L’administration américaine émettait plusieurs griefs contre l’ORD. La lenteur des procédures, sa tendance à outrepasser son rôle concernant le protectionnisme défensif occidental ainsi que son incapacité à remettre en question les distorsions de concurrence induites par le modèle économique chinois et ses entreprises d’État. L’hebdomadaire The Economist s’inquiète de ce blocage. « Avant 1995 [date de naissance de l’OMC, ndlr], le commerce international était moins stable et moins juste ». Selon certains, le risque lié au dépérissement de l’OMC est donc de voir le commerce international basculer à nouveau dans une sorte d’anarchie.

Si l’OMC peut se targuer de quelques victoires en matière d’ouverture commerciale, on peut se demander si elle a le monopole de ce processus. Par exemple, un rapport établi par la Banque mondiale en 2005 rappelle que, sur les 21 points de droits de douane éliminés en moyenne dans les pays en voie de développement entre 1983 et 2005, deux tiers de ces réductions ont été portés par des initiatives unilatérales.

Autre considération qui devrait nous conduire à relativiser l’importance de cette institution multilatérale, la croissance du commerce international précède largement les accords de Marrakech qui ont donné naissance à l’Organisation mondiale du commerce (figure 1).

Figure 1 : Valeur des exportations mondiales depuis 1938

Figure 1 : Valeur des exportations mondiales depuis 1938

De plus, un examen du top 20 des pays mettant en œuvre les plus faibles restrictions douanières montre qu’ils ne font pas nécessairement partie de ceux qui ont adhéré le plus tôt aux accords commerciaux multilatéraux, dont le GATT (General Agreement on Tariffs and Trade, l’ancêtre de l’OMC). Ce classement suggère ainsi que l’appartenance à l’OMC a une faible incidence sur le degré d’ouverture commerciale d’un pays.

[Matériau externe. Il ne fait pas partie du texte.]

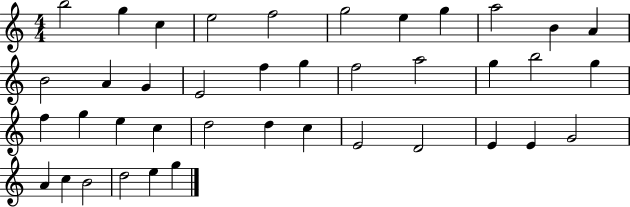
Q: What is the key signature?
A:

Tableau 1 - Top 20 des pays mettant en oeuvre les politiques commerciales les moins restrictives et date de leur entrée dans le GATT et l’OMC
Classement du pays en fonction de leur indice d’ouverture commerciale (source : Heritage Foundation, 2019)Date d’adhésion au GATT et à l’OMC
1. Hong Kong 1986 ; 1995
2. Singapour 1973 ; 1995
3. Nouvelle-Zélande 1948 ; 1995
4. Macao 1991 ; 1995
5. Chilie 1949 ; 1995
6. Georgie 2000 (OMC)
7. Albanie 2000 (OMC)
8. Australie 1948 ; 1995
9. Maurice 1970 ; 1995
10. Swaziland 1993 ; 1995
11. Canada 1948 ; 1995
12. Islande 1968 ; 1995
13. Oman 2000 (OMC)
14. Suisse 1966 ; 1995
15. Taiwan 2002 (OMC)
16. Etats-Unis 1948 ; 1995
17. Autriche 1951 ; 1995
18. Belgique 1948 ; 1995
19. Bulgarie 1996 (OMC)
20. Croatie 2000 (OMC)

À l’inverse, parmi les membres fondateurs du GATT, certains pays sont mal positionnés dans le classement des politiques commerciales les moins restrictives de l’Heritage Foundation.

Tableau 2 : Pays fondateurs du GATT et position dans le classement des politiques commerciales les moins restrictives de l’Heritage Foundation 2019
Nom du pays fondateurClassement Heritage (sur 178 pays)
Australie 8
Belgique 18
Brésil 122
Birmanie 113
Canada 11
Ceylan britannique (Sri Lanka) 97
Chilie 5
Chine 106
Cuba 145
Tchécoslovaquie 22 (Rép. tchèque) et 39 (Slovaquie)
France 62
Inde 111
Liban 79
Luxembourg 32
Pays-bas 34
Nouvelle-Zélande 3
Norvège 52
Pakistan 141
Rhodésie du Sud (Zimbabwe) 121
Syrie 177
Afrique du sud 96
Royaume-Uni 43
États-Unis 16

Ces données suggèrent une fois de plus que l’ouverture d’un pays au commerce international est davantage une question de politique locale et intérieure qu’une question de participation à des organisations multilatérales. Ainsi que l’IREF l’a déjà écrit, il ne tient donc qu’aux pays de s’ouvrir, de prendre les devants sans subir les incertitudes du contexte géopolitique mondial.